The refinement process ultimately proved to be not only important for the computational analysis’s success but also crucially fruitful for the ethnographic analysis. As we were tentatively refining the categories, we observed images that ‘did not fit’ into categories created based on images from our fieldwork but that were nonetheless so frequently emerging that they required categories of their own. This was the case, for example, for images that served as ‘advertisements’ for political causes and maps that emerged as a distinct category of its own. Moreover, images we had classified as ‘neutral’ contained images that could not be brushed off as politically insignificant.

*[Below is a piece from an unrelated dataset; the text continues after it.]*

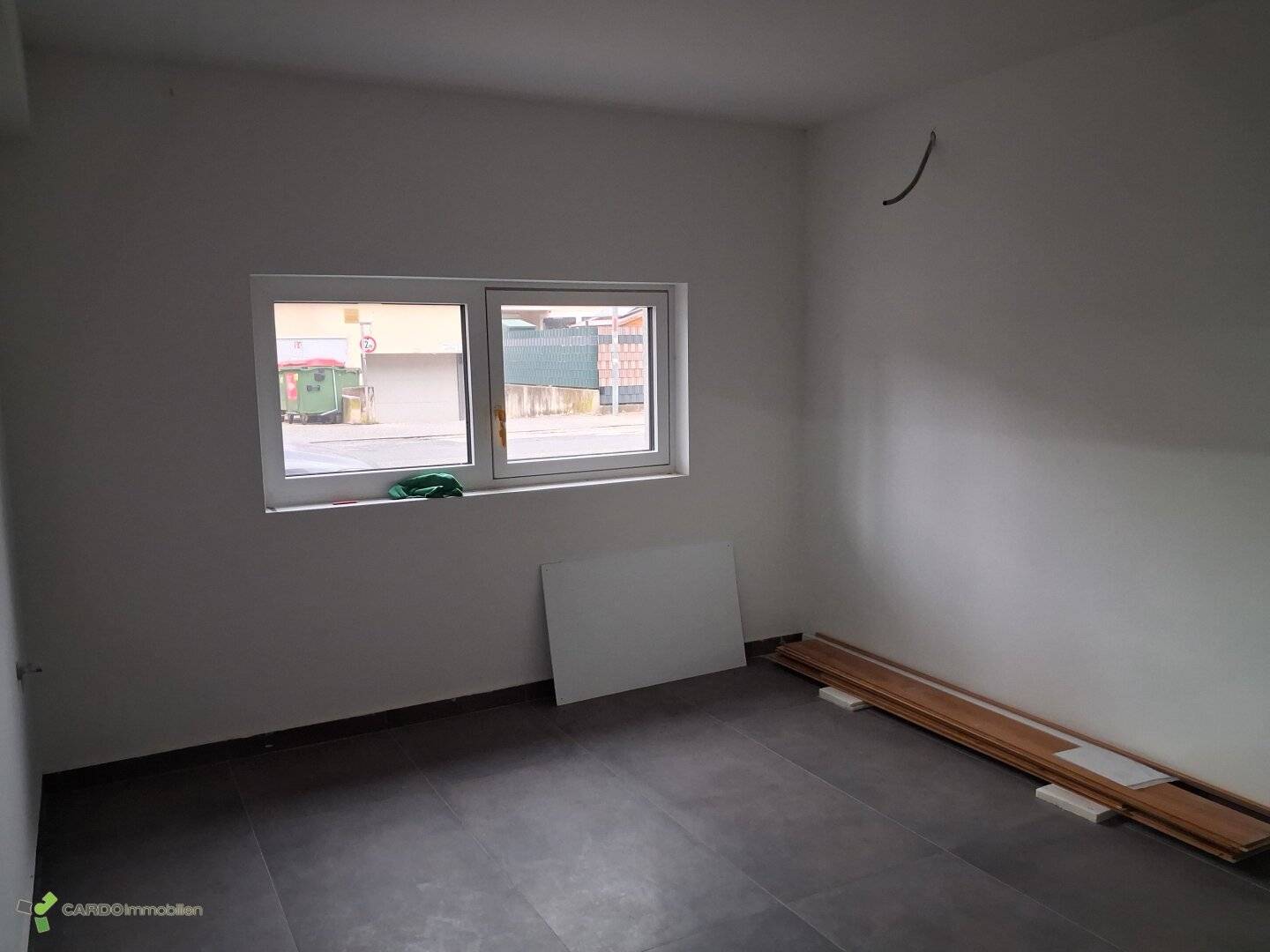 ca. 14m² Büro mit Lager ca. 80m² zu kaufen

For example, images of bicycles and solar panels served as symbols for the required changes to fight climate emergencies.

From this procedure, it became evident that there was a need to create subcategories for reasons related both to computational efficiency and enrichment of ethnographic analysis. First, doing this would allow the algorithm to distinguish more accurately and with a higher confidence percentage the images depicting very specific scenes (such as an object held by a hand, a bicycle without a person, an animal with artificially added text, etc.). Second, it would provide subcategories of potential interest within the ‘neutral’ main category that could then be explored in more detail qualitatively. Their creation, however, demanded a new refinement process to determine what the most prevalent subcategories would be and how many of them would be required.

We started creating subcategories based on a distinguishable visible feature of the images added to each one. We named each subcategory based on that distinguishable feature. For example, a selfie that would also contain artificially added text would be added to ‘ArtificialSelfies’, even though the parent category would be one of the main categories (in that case, ‘Protest Selfies’). Having created as many subcategories as we could and having agreed upon their creation throughout two refinement processes, each after the applications of our programme to new images from our dataset, we ended up with 91 subcategories, each belonging to a main category. We stopped at 91 because the programme already efficiently and consistently classified the data we used as input, to an extent analogous to a social researcher performing the same task. As part of this process, we also created a new main category – ‘Ambiguous’ – in which we placed images that contained visual features from two or more of the main categories.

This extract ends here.